Depending on convention, the sign of zero may be zero or one.

When $\operatorname{sign}(0)=1$, let $D=\operatorname{diag}(\operatorname{sign}(S))$. Then $S=Dv$ for some $v\ge0$ and $\operatorname{sign}(S)=D\mathbf1$. Hence $S^TL\operatorname{sign}(S)=v^TDLD\mathbf1$. Since $L$ is Laplacian and $D$ is a diagonal matrix whose diagonal entries are equal to $\pm1$, $L\le DLD$ entrywise. It follows that $0=L\mathbf1\le DLD\mathbf1$ and in turn, $0\le v^TDLD\mathbf1$.

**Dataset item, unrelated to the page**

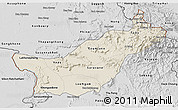 Shaded Relief 3D Map of Saravane, desaturated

When $\operatorname{sign}(0)=0$, we have $S^TL\operatorname{sign}(S)=u^TM\operatorname{sign}(u)$ where $u$ is the subvector containing all nonzero entries of $S$ and $M$ is the corresponding principal submatrix of $L$. Let $D=\operatorname{diag}(\operatorname{sign}(u))$. Then $u=Dv$ for some $v>0$ and $u^TM\operatorname{sign}(u)=v^TDMD\mathbf1$. Similar to the previous paragraph, we have $M\le DMD$ entrywise and hence $M\mathbf1\le DMD\mathbf1$. Note that, as $M$ is a principal submatrix of $L$ and all off-diagonal entries of $L$ are non-positive, every row sum in $M$ is $\ge$ the corresponding row sum in $L$, because there are potentially fewer negative entries. It follows from $0=L\mathbf1$ that $0\le M\mathbf1$. Therefore $0\le M\mathbf1\le DMD\mathbf1$ and in turn, $0\le v^TDLD\mathbf1$.